Austria has over 12 000 sites where 70 000 farmers take care of about 500 000 cattle. Alpine pastures amount to a quarter of the farmland.

Bavaria has about 1400 sites hosting 50 000 cattle, about half of them in Upper Bavaria and the other half in the Allgäu.

In Switzerland, about 380 000 cattle including 130 000 cows as well as 200 000 sheep are in summer on high pastures. Milk from cows here is usually made into local cheese specialities, handmade using traditional methods and tools. Alpine pastures amount to 35% of Swiss farmland. Transhumance contributes much to traditional Swiss culture, for example yodeling, alphorn and Schwingen (wrestling) are closely connected to Alpine pastures.

The Balkans[]

In the Balkans, the Sarakatsani, Aromanians and Yörüks traditionally spent summer months in the mountains and returned to lower plains in the winter. Until the mid-20th century, borders between Greece, Albania, Bulgaria and Yugoslavia were relatively unobstructed. In summer, some groups went as far north as the Balkan mountains while winter they would spend in warmer plains in vicinity of the Aegean sea. The Morlachs were a population of Vlach shepherds who lived in the Dinaric Alps (western Balkans in modern use), constantly migrating in search for better pastures for their sheep flocks. But as national states appeared in a former domain of the Ottoman empire, new state borders came to separate summer and winter habitats of many of the pastoral groups.

British Isles[]

Wales[]

In most parts of Wales, farm workers and sometimes the farmer would spend the summer months at a hillside summer house or hafod (Template:IPA-cy) where the livestock would graze. Then during the late autumn they would return down to the valleys with the farm workers staying at the main residence or hendre (Template:IPA-cy).[2]

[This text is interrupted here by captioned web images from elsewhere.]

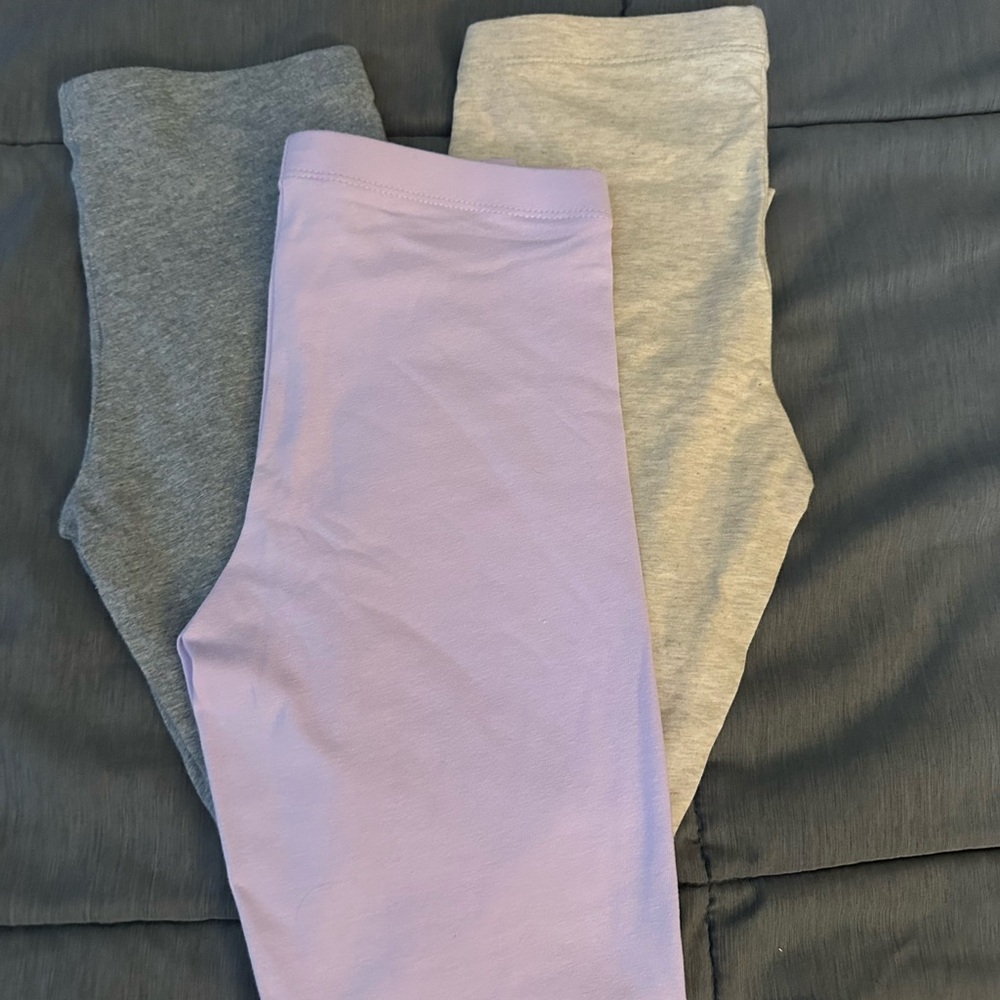 Gray Leggings Soft Comfortable Athleisure
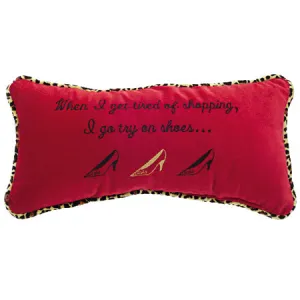 Scarlet Red 100% Velvet Phrase Pillow 8x16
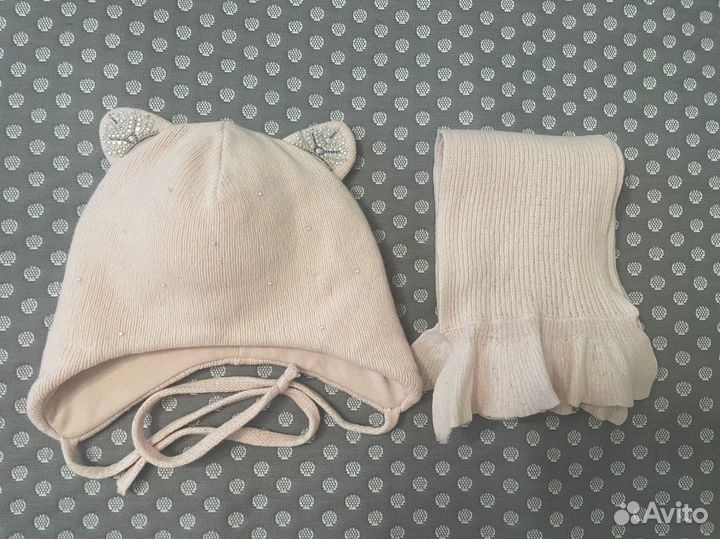 Комплект шапка, шарф Котик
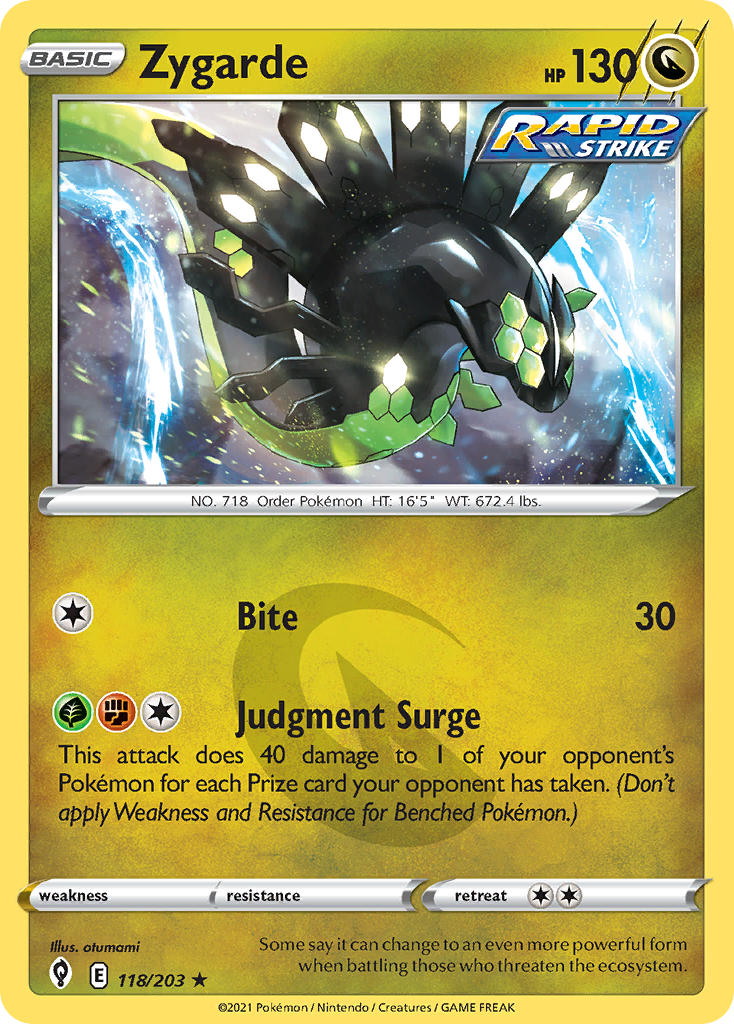 Zygarde 118/203 - POKEMON SWORD & SHIELD: EVOLVING SKIES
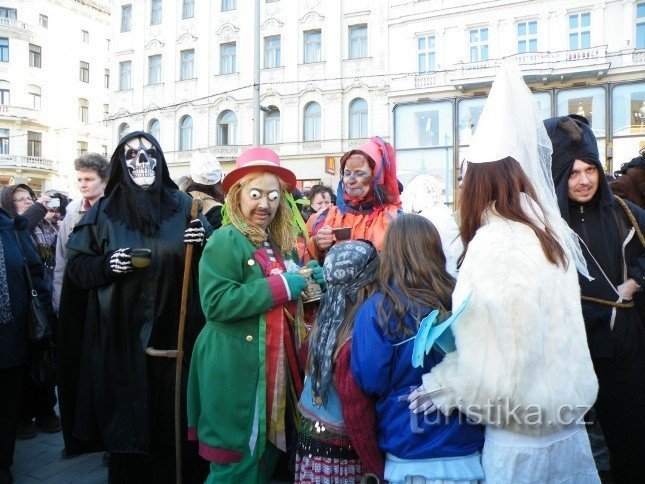 Brněnský masopust 2011 - nám.Svobody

This system of transhumance has not been practised for almost a century although it did continue in Snowdonia after it died out elsewhere in Wales and remnants of the practice can still be found in rural farming communities in the region to this day.[3] Both "Hafod" and "Hendre" commonly survive in Wales as place names and house names. Today, cattle and sheep on many hill farms are still often transported to lowland winter pastures, but now by truck.

Scotland[]

In many hilly and mountainous areas of Scotland agricultural workers spent summer months in bothies[4] or shielings (airigh in Scottish Gaelic). Examples of major drovers' roads in the eastern part of Scotland include the Cairnamounth, Elsick Mounth and Causey Mounth. This practice has largely died out, but was practised within living memory in the Hebridean Islands and in the Highlands of Scotland. Today much transhumance is carried out by truck, with upland flocks being sent under agistment to lower-lying pasture during winter.

England[]

In southern England, where the climate is mild and the hills low, transhumance historically took the opposite form to that in Switzerland. Cattle grazed on dry, sandy heath on the hills in winter and rich, low-lying flood-meadows in summer once flood-water receded[citation needed]. The Weald, as another example, was utilised for the grazing of pigs; this type was known as pannage. While this form of pastoralism sees little use today, it has left its mark on English toponymy, as attested by nearby paired placenames such as Winterfold Heath and Somersbury Wood.[5]

Ireland[]

In Ireland transhumance is known as booleying.[6] Transhumance pastures were known as Booley, Boley, Bouley, Buaile and Boola and these names survive in many placenames, for example Buaile h'Anraoi in Kilcommon parish, Erris, North Mayo where the landscape still clearly shows the layout of the rundale system of agriculture. The practice of booleying was widespread in the west of Ireland up until around the time of the Second World War, when seasonal migration to Scotland and England superseded this ancient system together with more permanent emigration to the USA. Booleying alleviated pressure on the growing crops and provided fresh pasture for livestock.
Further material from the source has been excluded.